The prison was founded in 1880 to relieve overcrowding at San Quentin. The Folsom location was ideal because the American River borders the prison on the west side, providing a natural barrier, water, and, later, electricity (installed in 1893); granite could be quarried nearby. Early prisoners, brought from San Quentin by boat and then train, quarried the stone and constructed the walls and 8-foot-by-4-foot cells. There are 1,700 cells in the facility, but more were added to Folsom State Prison with the opening of a new facility in 1986, bringing total inmate capacity to 5,500. The prison was originally supposed to be self-sustaining, so inmates kept busy with construction, farming on China Hill next door, and other crafts like tombstone engraving for each other.
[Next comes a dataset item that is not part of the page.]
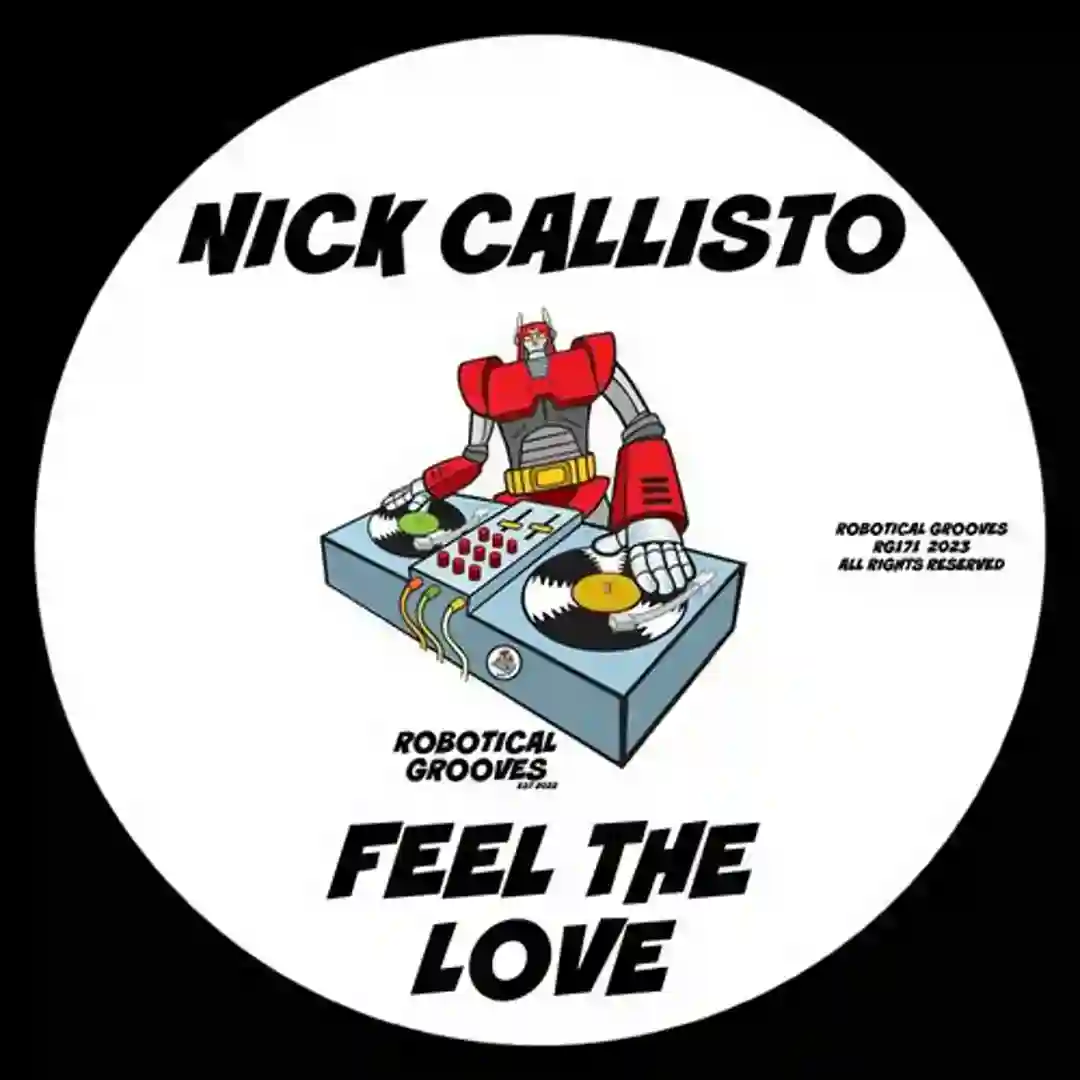 Feel The Love cover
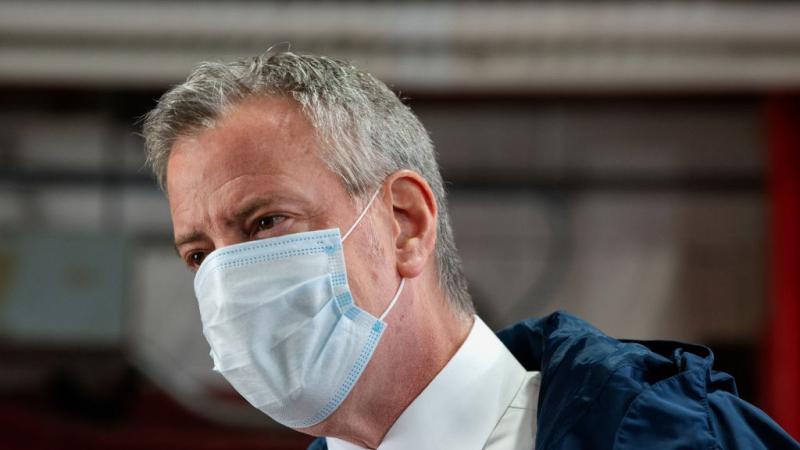 New York City Mayor Bill de Blasio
The first inmate was a Cantonese man named Chong Hing, #1 on July 26, 1880. Only six women have ever been incarcerated in Folsom. Morbid fact: The prison cemetery for unclaimed/unwanted dead inmates had to be moved several times, due to flooding that caused body parts to wash up downstream in the American River--imagine coming across that!
Today, FSP is a granite-wall-and-barbed-wire-enclosed city; it includes schools, workshops, U.S. post office, chapel, medical facility, exercise facilities, etc. The tiny "museum" ($1 entrance fee) holds artifacts from the prison, such as confiscated weapons, handcuffs, newspaper clippings, and pictures. A short, 8-minute video presentation of the facility (from a decade or two earlier) attempts to sell the prison as a great cruise-ship package, offering residents an exciting and productive lifestyle you might like to be a part of (not!) with upbeat, peppy music playing in the background. In the back of the museum is a replica of an old cell, complete with a talking inmate (complete with black-and-white-striped regalia) who can speak about prison life; kind of creepy to me, but perhaps more amusing to kids. Quite an interesting learning experience to visit a place none of us really want to go!